Building federated search indexer against diverse data sources on top of Liferay

In brief, OpenSearch allows publishing of search results in a format suitable for syndication and aggregation. Federated search is a simultaneous search of multiple online databases or web resources, and it is an emerging feature of automated, web-based library and information retrieval systems. The portal implemented federated search based on OpenSearch standard.

Abstracted from the Liferay development cookbook: Liferay Portal Systems Development (for liferay portal 6.1 or above version, coming out soon)

This article will address an approach – building federated search indexer against diverse data sources on top of Liferay. First of all, let’s consider a use case. A capital group manages many companies (each company has many users as members), hundreds-million accounts (the entity Account) and hundreds-million related documents (meta-data and real content).

The following diagram shows ER models of the current enterprise database (DB2 for example). In one row, the entity Seller could have many Portfolio; the entity Portfolio could have many Account associated; the entity Account could have many Document associated. In another row, the entity Company could have many User; the entity User could have many DcoumentType associated; the entity DocumentType could have many Document associated.

The following is a list of main requirements:

Keep the current enterprise database running AS IS for different existing applications;
Leverage the portal for user registration and membership management;
Leverage the portal RBAC for authorization;
Search documents based on accounts’ info and document meta-data
Audit users’ activities, track downloads and send update notifications

Solution overview

The following diagram shows an example: DB2 has database schema I and schema II; the portal has its own database and database schema.

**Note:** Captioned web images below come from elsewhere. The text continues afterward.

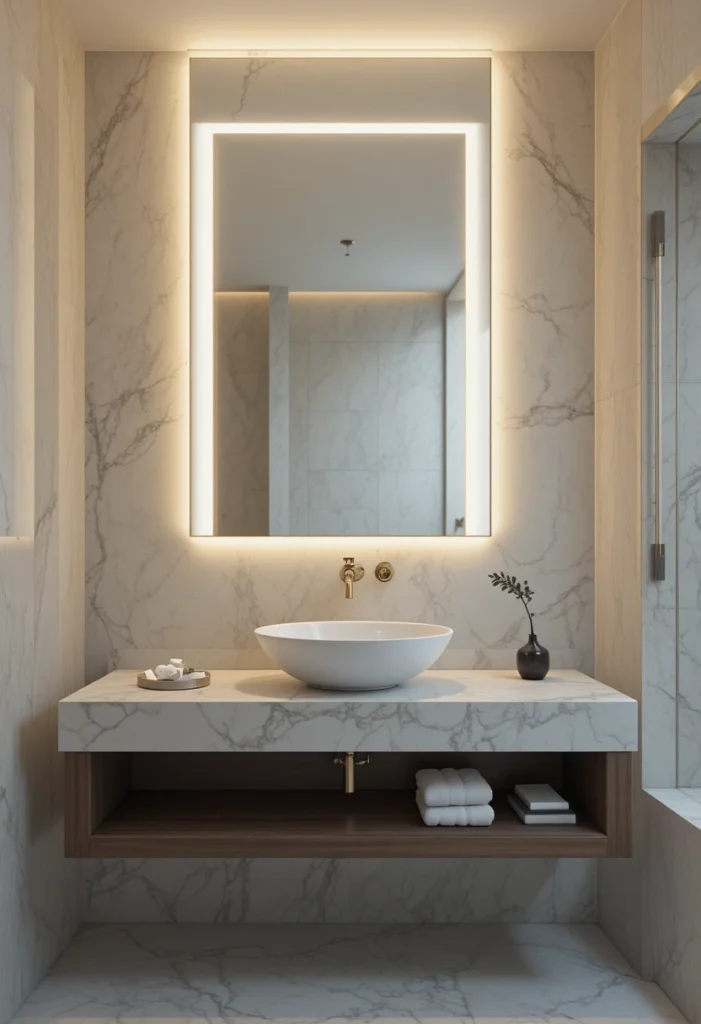 LED backlit bathroom mirror providing soft ambient lighting above a sleek floating vanity.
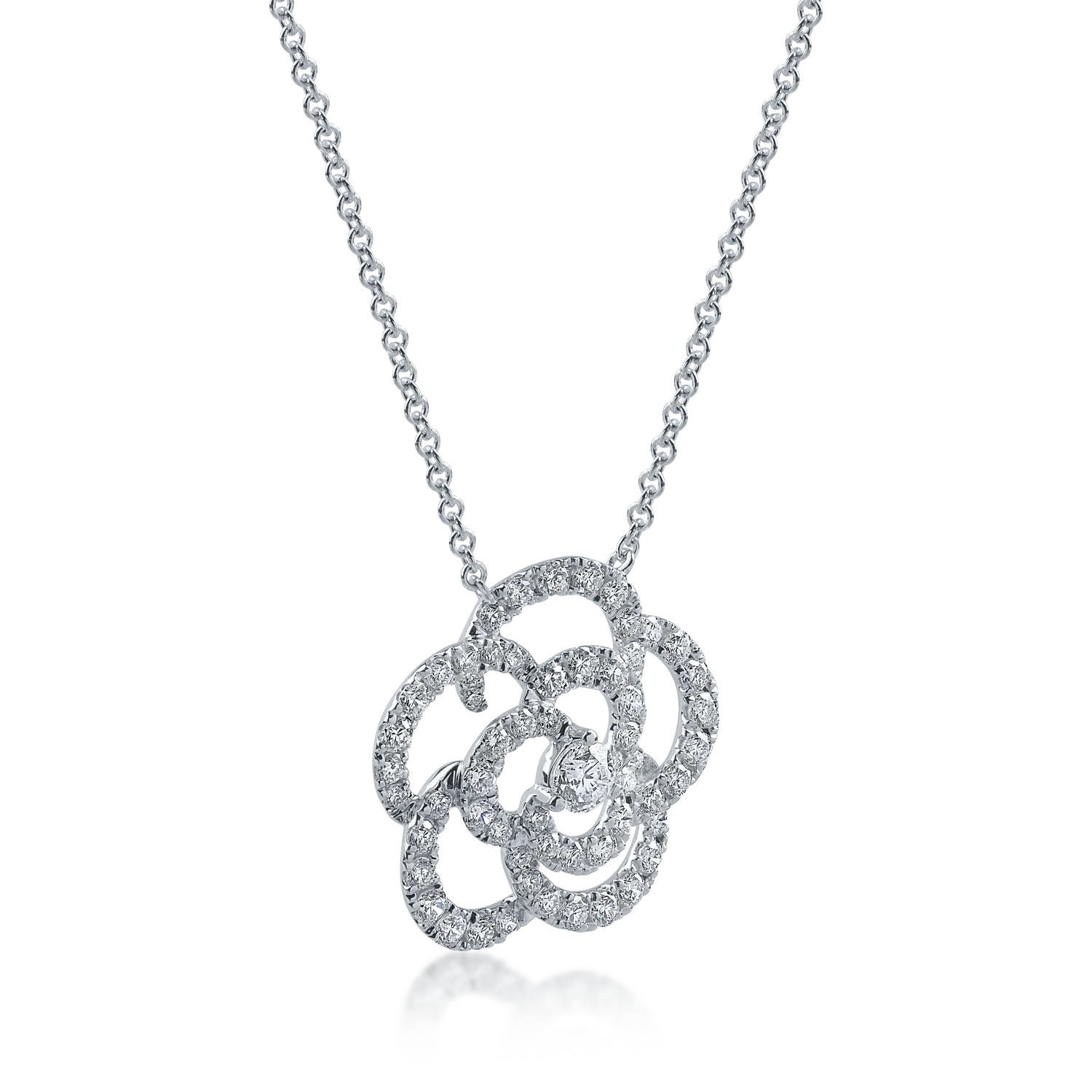 White gold chain with flower pendant with 0.91ct diamonds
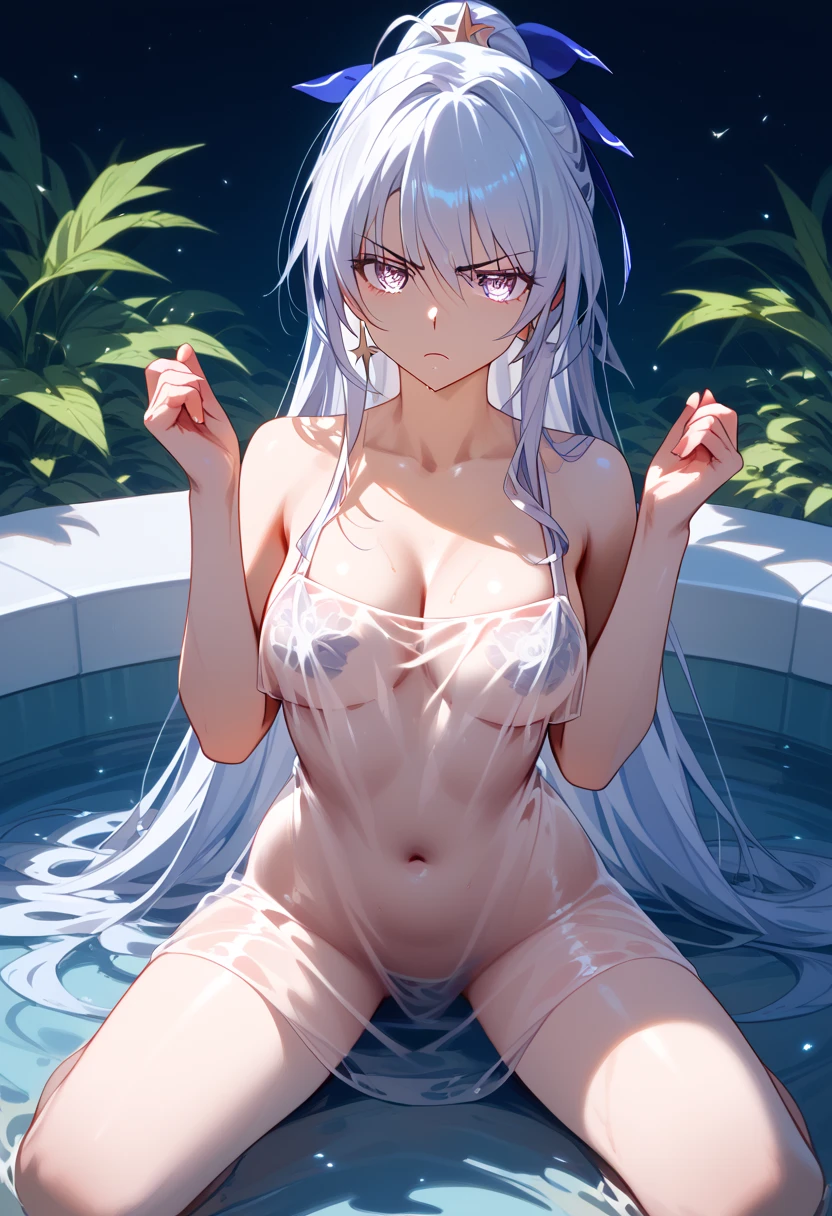 1girll, White hair, Purple eye, sportrait, photorealestic, Towels, (Onsen), side-lighting,, NSFW,Bare,The M-leg opens,Spring is shining,Navel is visible,with hands behind her back,鎖骨,chest,Lift one leg,cat ear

The schema I will be mapped into the Plugin I in the portal; while the schema II will be mapped into the Plugin II in the portal.

The schema status will be used to store updated results – that is, whenever system updates account and / or document meta-data, record the status as a row. This schema is mapped into the plugin status in the portal.

In summary, the solution would be able to provide following feature.

Enhancement of the Service-builder for diverse data sources in plugins
Read-only approach – data lookup
The Pull/push approach using the trigger to update the indexer
Scheduling – check update status by the scheduler
Federated search indexer
Audit users' activities, records downloads and set up email notification

Diverse data sources support in plugins through the service-builder

First of all, let’s see how to support diverse data sources in plugins through the service-builder. Wiki articles (Connect to a Database with Plugins SDK and Extend Tables in Another Database) have addressed how to connect different database with plugins SDK manually. Here we are focusing on how to support diverse data sources in plugins through the service-builder directly.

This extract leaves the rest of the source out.